# Auf Dateiverzeichnis extern zugreifen (evtl über XML??)



## kakulala (31. Jul 2017)

Hallo Leute,
ich habe eine "wie sollte ich das am besten in java umsetzen"-Frage. Ich habe ein Programm in  Java geschrieben, dass eine csv-Datei einliest, die auf einem festen Verzeichnis gespeichert wird. (BufferedReader & FileReader) Die Datei wird anschließend ausgelesen & die Daten mithilfe von jFreeChart in einem XYDataset (XY-Graphen) angezeigt.

Frage: Das Programm soll nun jedoch ohne Entwicklungsoberfläche laufen, d. h. ich exportiere es als .exe. Da das Verzeichnis jetzt jedoch "unabhängig" sein soll, d.h. jederzeit änderbar, soll ich nun das Verzeichnis extern speichern bzw. gespeichert werden & es soll somit ohne dass ich in den Code gehen muss geändert werden können. Außerdem sollen auch die Daten aus dem Verzeichnis unabhängig vom Code aufgerufen werden. D.h. dort stehen unterschiedliche .csv-Dateien drinnen & man soll nach Namen & aktuellstem Datum sortieren können. D.h. es sollen immer die aktuellste .csv-Datei mit der "1" im Namen geöffnet werden und ein andermal die aktuellste .csv-Datei mit der "2" im Namen.

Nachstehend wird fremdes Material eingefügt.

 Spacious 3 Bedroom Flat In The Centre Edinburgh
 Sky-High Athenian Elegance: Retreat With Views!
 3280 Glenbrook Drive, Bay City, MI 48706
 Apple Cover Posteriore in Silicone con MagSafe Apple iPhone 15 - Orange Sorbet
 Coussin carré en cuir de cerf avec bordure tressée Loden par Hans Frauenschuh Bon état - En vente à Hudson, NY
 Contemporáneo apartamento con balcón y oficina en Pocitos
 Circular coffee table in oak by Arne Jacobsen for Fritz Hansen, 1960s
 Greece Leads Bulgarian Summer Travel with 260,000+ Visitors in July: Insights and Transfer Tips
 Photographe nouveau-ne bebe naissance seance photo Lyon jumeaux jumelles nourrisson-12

Meine Frage lautet nun : Wie soll ich das am besten umsetzen?
Meine erste Idee wäre eine XML-Datei auf die mein Java-Programm zugreift, jedoch weiß ich nicht genau wie ich dort den Dateipfad speichern sollte....
vielleicht so: ?   file:///H:/Test/Testfile.csv

Hat schonmal jemand ein Verzeichnis "ausgelagert" & dann darauf zugegriffen oder andere Ideen, wie ich es umsetzen könnte??
Würde mich sehr über Hilfe freuen!


----------



## stg (31. Jul 2017)

Speicher den Pfad doch einfach in einer stinknormalen Text-Datei.


----------



## kakulala (31. Jul 2017)

Wäre eine möglichkeit, dort kann ich dann aber nicht die Abfrage nach Datum & Name/Nummer auslagern.


----------



## Flown (31. Jul 2017)

Konfigurationsfile wie @stg beschrieben hat mit dem Pfad zum Directory. Wenn du das Verzeichnis hast, kannst du das dann durchsuchen und kannst nach Filenamen sortieren und auch vom jeweiligen File das lastModifiedTime erhalten.


----------



## kakulala (31. Jul 2017)

Würde funktionieren, aber dann brauche ich 4 verschiedene Versionen der .exe. Denn das Verzeichnis würde ich gerne außerhalb des Codes durchsuchen, jede .exe soll nämlich jeweils nach einer Nummer sortieren & diese dann auslesen. In java-code funktioniert das ja ganz easy, aber kann man die Abfragen nicht auch auslagern? Deshalb ja die Frage ob das in xml möglich ist oder mit einem anderen Format?


----------



## mrBrown (31. Jul 2017)

Du kannst die Abfragen in deinem JavaCode variabel machen, und dann über die Config-Datei steuern


----------



## Flown (31. Jul 2017)

Wie du das auslagerst ist egal, ob JSON, XML, Properties, txt, csv......... (du siehst es gibt zig Möglichkeiten wie gespeichert wird)
Das wichtigste ist das du alle Informationen auslagerst, die du benötigst!


----------



## kakulala (31. Jul 2017)

mmhh, da das Programm später von Leuten angewendet wird die keinerlei erfahrung mit Java oder Progammiersprachen haben, erscheint mir dennoch xml am einfachsten. Speichert man denn den Dateipfad so: file:///H:/Test/Testfile.csv in der xml-Datei?


----------



## mrBrown (31. Jul 2017)

Das file:/// kannst du weglassen, und statt XML tuts auch eine einfache txt


----------



## kakulala (31. Jul 2017)

mrBrown hat gesagt.:


> Das file:/// kannst du weglassen, und statt XML tuts auch eine einfache txt



Den Dateipfad so zu speichern ist logisch, aber wie soll ich denn in eine txt-Datei Abfragen speichern?


----------



## mrBrown (31. Jul 2017)

Genauso, wie du Abfragen in XML speichern willst?


----------



## kakulala (31. Jul 2017)

mrBrown hat gesagt.:


> Genauso, wie du Abfragen in XML speichern willst?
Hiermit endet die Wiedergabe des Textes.